◆ Items listed in a dataset
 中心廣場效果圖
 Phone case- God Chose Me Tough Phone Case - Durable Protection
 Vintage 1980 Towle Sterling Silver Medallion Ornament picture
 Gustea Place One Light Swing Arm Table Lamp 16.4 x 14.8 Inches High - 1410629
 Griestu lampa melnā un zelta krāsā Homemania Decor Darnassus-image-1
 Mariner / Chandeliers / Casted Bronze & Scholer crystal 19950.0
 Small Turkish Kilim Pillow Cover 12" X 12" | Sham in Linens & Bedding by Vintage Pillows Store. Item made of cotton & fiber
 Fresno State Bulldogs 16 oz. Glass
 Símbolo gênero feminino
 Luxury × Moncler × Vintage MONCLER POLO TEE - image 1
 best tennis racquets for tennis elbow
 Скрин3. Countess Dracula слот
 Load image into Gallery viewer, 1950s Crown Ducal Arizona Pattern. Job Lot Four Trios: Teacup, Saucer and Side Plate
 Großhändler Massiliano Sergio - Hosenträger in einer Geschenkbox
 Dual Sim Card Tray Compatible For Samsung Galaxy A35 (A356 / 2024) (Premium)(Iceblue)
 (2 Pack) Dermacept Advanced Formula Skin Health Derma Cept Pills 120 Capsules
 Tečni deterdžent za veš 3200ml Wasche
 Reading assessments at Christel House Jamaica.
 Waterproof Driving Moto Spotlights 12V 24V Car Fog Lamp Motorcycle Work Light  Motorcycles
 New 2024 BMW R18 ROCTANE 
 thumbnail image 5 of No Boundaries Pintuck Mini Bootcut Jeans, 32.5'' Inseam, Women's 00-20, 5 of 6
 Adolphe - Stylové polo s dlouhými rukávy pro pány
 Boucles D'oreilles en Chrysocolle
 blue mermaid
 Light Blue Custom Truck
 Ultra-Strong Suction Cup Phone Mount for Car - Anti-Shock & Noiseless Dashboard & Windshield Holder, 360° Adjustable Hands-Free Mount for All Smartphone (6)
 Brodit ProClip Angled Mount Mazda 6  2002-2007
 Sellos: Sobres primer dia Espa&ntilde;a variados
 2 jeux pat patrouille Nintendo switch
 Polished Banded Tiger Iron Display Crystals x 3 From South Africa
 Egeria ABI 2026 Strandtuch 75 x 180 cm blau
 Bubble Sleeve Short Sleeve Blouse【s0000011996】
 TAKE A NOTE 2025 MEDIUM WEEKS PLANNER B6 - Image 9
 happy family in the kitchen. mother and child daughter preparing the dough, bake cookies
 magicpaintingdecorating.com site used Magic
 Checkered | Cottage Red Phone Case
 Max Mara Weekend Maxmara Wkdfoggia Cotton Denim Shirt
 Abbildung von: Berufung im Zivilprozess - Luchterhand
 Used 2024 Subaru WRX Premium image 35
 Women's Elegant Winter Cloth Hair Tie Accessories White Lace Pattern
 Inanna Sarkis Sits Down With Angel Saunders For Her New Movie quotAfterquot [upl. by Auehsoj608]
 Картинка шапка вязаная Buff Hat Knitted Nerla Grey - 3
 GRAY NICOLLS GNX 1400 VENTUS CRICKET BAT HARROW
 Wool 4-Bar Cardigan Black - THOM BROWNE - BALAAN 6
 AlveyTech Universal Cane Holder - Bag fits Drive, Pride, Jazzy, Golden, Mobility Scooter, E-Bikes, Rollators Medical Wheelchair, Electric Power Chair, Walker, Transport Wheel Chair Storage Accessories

◆ Problem to work on
Out of the entries above, write out only the lines between the line holding "Used 2024 Subaru WRX Premium image 35" and the line holding "Wool 4-Bar Cardigan", inclusive, each exactly as given.

◆ Solution to this problem
 Used 2024 Subaru WRX Premium image 35
 Women's Elegant Winter Cloth Hair Tie Accessories White Lace Pattern
 Inanna Sarkis Sits Down With Angel Saunders For Her New Movie quotAfterquot [upl. by Auehsoj608]
 Картинка шапка вязаная Buff Hat Knitted Nerla Grey - 3
 GRAY NICOLLS GNX 1400 VENTUS CRICKET BAT HARROW
 Wool 4-Bar Cardigan Black - THOM BROWNE - BALAAN 6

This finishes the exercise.